In DFIN’s white paper, “Disclosure of Environmental, Social and Governance (ESG) Risk Factors,” Eric Hespenheide, chairman of GRI, indicates that leaders typically use GRI disclosures to guide their sustainability reporting and understanding of materiality. It involves using a robust and inclusive stakeholder process enabling companies to understand various perspectives and classify what is material from an investor perspective.
Unfortunately, companies that ineffectively report ESG issues — or avoid them altogether — believe that taking a position and committing to it means having to invest money in it, rather than its core business.
But this thinking ultimately backfires. Investing in an ESG-integrated reporting system is simply the price of doing business and a worthwhile endeavor that pays dividends. At the end of the day, effective reporting of sustainability activities equals positive financial impact.
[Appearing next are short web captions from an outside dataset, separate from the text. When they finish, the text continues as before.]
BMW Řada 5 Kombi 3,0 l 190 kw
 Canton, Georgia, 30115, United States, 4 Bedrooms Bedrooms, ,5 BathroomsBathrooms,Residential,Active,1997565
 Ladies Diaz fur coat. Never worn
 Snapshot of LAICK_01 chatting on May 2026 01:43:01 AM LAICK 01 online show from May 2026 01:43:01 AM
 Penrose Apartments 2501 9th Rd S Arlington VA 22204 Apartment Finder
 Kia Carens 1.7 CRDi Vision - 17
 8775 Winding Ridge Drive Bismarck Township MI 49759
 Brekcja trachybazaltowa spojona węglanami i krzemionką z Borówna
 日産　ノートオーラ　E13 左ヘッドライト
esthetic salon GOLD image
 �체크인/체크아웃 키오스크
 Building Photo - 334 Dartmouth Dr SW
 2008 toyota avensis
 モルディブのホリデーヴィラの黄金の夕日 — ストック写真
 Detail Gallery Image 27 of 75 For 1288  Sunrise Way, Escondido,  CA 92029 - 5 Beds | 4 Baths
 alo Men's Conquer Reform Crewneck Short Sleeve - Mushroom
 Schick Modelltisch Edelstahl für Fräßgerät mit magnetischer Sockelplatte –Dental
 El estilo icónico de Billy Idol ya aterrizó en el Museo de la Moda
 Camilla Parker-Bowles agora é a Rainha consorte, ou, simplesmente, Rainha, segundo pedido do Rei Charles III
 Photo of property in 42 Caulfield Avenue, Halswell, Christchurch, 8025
A study of ESG research reports by the University of Oxford and Arabesque partners found that it lowers the cost of capital, results in better operational performance and positively influences stock price.
Still, with all of the buzz around ESG reporting, adoption differs around the world. A 2017 survey of IR professionals that appeared in IR Magazine revealed that 40 percent of those in North America were not providing ESG, compared with seven percent of European respondents and eight percent in Asia.
But this is set to change — and quickly. According to Truzzolino: “Too often in the past, discussions of ESG factors have been check-the-box exercises, with management and IROs disclosing boilerplate ESG or CSR disclosure, hoping to say whatever would mollify the investment community. As someone who’s been tracking this phenomenon since 2015, I can attest that gone are the days when such a strategy will work. If companies are not already on, or about to get on board, they will be left behind their peers in terms of performance and recognition on an industry and global scale.”
Integrated reporting is clearly a way for public companies to solve the issue of inadequate sustainability data, and in doing so they will get ahead of the curve in addressing coming regulation and standardization.
Investors are clear in what they want: ESG data that has a clear link to corporate strategy, risk and risk management and operational context. They need this data in standardized format to aid in transparency and comparability. Finally, sustainability reports should integrate with financial and non-financial data to help tell the holistic company long-term strategy.
Going forward, clear and robust ESG reporting will become a normal requirement and an operational part of financial disclosure. Investor and regulatory pressure is mounting to ensure this happens.
As companies continue to be expected to disclose their material exposure to ESG issues, CEOs and CFOs should start explaining and presenting ESG information in a clear, accessible form now.
Adopting an integrated reporting solution will help companies prepare for what’s coming, as investors increasingly embrace ESG data as part of their investment decisions.